El Gran Norte recoge buena parte de lo que hoy conocemos como el Oeste americano: Un lugar donde las abruptas cadenas montañosas se alternan con altiplanos desérticos de magnitud inabarcables formando la frontera norte del vasto Imperio Español en América: Una territorio que durante el siglo XVIII era todavía “Terra Incognita”.
El territorio que Bernardo de Miera y Pacheco y sus compañeros de expedición recorrieron durante meses para explorar y cartografiar. Fue una existencia llena de peligros, de aventuras en las que no pocas veces estuvieron a punto de perecer.
Miera, cántabro él, es una de las figuras más polifacéticas y fascinantes de la América hispánica en el siglo XVIII. Fue un prolífico artista, que pintó y esculpió altares que hoy adornan iglesias y misiones virreinales del actual estado de Nuevo México. También fue ingeniero y capitán de milicias en varias campañas contra los comanches (que atacaban a otras tribus y a los propios españoles), como la que sostuvo el gobernador Anza con el temible jefe de guerra Cuerno Verde.

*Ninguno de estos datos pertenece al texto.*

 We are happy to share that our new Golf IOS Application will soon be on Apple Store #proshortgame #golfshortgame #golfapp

Explorador y cartógrafo sobresaliente, dibujó con trazo firme los mapas más relevantes y precisos del Gran Norte en la segunda mitad del siglo XVIII (mapas tremendamente útiles que luego utiizaron los estadounidenses). Fue comerciante, minero (sin suerte), recaudador de deudas y, en sus horas bajas, deudor. Alcalde mayor, ranchero y artesano ducho en el metal, la piedra y la madera.

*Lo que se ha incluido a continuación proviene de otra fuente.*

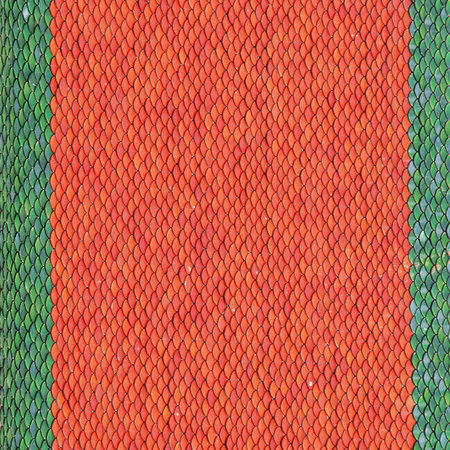 Texture of Temple roof in Bangkok Thailand  の写真素材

En los últimos años de vida, don Bernardo sirvió como soldado distinguido en el presidio de Santa Fe, la villa más septentrional del Imperio Español en América, una zona fronteriza, remota y peligrosa, sometida al acoso constante de los belicosos apaches y comanches.
“Forjado en la frontera” nos asoma, a través de la extraordinaria vida de este cántabro originario del valle de Carriedo, a la profunda huella hispánica que quedó en la América del siglo XVIII, en un territorio de frontera que se convirtió en el rico crisol que es actualmente el septentrión novohispano.